Below are entries. Reproduce exactly the lines between the line holding "Animation d'un réseau" and the line holding "Grass carp in the pond", inclusive, and only those.

▶ **Data excerpts**:
============

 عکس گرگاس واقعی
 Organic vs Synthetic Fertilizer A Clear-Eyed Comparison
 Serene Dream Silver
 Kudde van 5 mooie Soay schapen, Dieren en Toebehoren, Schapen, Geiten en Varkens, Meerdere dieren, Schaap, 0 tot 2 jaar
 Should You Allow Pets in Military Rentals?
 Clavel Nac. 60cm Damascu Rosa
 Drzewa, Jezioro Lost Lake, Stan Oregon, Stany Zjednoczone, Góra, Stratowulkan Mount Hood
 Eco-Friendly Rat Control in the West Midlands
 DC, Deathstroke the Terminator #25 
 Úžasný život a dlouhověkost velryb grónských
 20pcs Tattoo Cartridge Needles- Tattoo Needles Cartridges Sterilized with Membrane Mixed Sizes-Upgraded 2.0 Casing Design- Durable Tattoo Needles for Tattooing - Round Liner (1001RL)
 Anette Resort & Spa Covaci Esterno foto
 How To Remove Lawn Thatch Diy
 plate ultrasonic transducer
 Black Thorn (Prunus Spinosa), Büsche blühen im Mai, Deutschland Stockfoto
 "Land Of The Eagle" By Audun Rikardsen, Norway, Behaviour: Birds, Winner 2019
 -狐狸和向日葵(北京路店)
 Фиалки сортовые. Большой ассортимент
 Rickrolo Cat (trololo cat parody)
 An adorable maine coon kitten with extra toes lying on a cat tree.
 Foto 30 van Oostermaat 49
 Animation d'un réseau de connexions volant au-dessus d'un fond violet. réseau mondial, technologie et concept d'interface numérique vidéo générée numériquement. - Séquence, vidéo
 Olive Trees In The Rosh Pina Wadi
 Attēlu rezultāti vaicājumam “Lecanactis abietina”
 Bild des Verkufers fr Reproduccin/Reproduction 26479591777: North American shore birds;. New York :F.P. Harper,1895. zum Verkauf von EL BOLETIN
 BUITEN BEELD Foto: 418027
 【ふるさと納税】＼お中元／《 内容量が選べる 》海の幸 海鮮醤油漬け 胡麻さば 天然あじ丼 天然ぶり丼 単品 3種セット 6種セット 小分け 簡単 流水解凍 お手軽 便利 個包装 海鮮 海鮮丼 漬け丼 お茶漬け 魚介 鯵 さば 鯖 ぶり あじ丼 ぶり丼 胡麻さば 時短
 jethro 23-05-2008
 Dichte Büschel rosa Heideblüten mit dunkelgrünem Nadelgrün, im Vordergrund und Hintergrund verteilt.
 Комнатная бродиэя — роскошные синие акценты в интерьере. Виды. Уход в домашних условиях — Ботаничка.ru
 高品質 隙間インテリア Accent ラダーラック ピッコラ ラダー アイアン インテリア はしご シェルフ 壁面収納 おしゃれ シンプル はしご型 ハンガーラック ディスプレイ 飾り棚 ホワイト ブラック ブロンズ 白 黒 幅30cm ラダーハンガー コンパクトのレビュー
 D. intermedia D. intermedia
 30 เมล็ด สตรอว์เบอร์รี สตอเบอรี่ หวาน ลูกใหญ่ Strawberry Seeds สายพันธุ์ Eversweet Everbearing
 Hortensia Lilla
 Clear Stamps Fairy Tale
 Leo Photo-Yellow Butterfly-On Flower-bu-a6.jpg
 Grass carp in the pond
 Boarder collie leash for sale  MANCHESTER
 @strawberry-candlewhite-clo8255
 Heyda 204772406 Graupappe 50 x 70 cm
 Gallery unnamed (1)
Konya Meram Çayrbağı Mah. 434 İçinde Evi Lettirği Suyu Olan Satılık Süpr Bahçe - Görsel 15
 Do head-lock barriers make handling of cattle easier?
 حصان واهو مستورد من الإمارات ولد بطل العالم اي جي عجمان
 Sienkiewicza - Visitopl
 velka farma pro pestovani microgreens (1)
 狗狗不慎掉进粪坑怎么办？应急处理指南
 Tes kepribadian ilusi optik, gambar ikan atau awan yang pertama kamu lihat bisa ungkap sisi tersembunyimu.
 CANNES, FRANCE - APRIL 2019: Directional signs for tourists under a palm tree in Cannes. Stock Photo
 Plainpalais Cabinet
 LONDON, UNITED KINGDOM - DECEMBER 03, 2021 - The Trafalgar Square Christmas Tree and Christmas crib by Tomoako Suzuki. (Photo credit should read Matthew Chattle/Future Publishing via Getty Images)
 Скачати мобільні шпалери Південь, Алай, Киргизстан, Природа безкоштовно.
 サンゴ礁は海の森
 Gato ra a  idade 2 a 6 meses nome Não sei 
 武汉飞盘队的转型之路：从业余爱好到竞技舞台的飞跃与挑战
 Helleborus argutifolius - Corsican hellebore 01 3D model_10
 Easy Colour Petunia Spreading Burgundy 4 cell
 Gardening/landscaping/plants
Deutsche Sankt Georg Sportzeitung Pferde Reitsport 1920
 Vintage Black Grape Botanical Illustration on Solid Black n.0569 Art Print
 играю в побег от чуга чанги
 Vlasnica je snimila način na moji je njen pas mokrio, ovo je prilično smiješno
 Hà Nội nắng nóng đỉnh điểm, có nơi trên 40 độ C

============

▶ **WRITTEN ANSWER**:
 Animation d'un réseau de connexions volant au-dessus d'un fond violet. réseau mondial, technologie et concept d'interface numérique vidéo générée numériquement. - Séquence, vidéo
 Olive Trees In The Rosh Pina Wadi
 Attēlu rezultāti vaicājumam “Lecanactis abietina”
 Bild des Verkufers fr Reproduccin/Reproduction 26479591777: North American shore birds;. New York :F.P. Harper,1895. zum Verkauf von EL BOLETIN
 BUITEN BEELD Foto: 418027
 【ふるさと納税】＼お中元／《 内容量が選べる 》海の幸 海鮮醤油漬け 胡麻さば 天然あじ丼 天然ぶり丼 単品 3種セット 6種セット 小分け 簡単 流水解凍 お手軽 便利 個包装 海鮮 海鮮丼 漬け丼 お茶漬け 魚介 鯵 さば 鯖 ぶり あじ丼 ぶり丼 胡麻さば 時短
 jethro 23-05-2008
 Dichte Büschel rosa Heideblüten mit dunkelgrünem Nadelgrün, im Vordergrund und Hintergrund verteilt.
 Комнатная бродиэя — роскошные синие акценты в интерьере. Виды. Уход в домашних условиях — Ботаничка.ru
 高品質 隙間インテリア Accent ラダーラック ピッコラ ラダー アイアン インテリア はしご シェルフ 壁面収納 おしゃれ シンプル はしご型 ハンガーラック ディスプレイ 飾り棚 ホワイト ブラック ブロンズ 白 黒 幅30cm ラダーハンガー コンパクトのレビュー
 D. intermedia D. intermedia
 30 เมล็ด สตรอว์เบอร์รี สตอเบอรี่ หวาน ลูกใหญ่ Strawberry Seeds สายพันธุ์ Eversweet Everbearing
 Hortensia Lilla
 Clear Stamps Fairy Tale
 Leo Photo-Yellow Butterfly-On Flower-bu-a6.jpg
 Grass carp in the pond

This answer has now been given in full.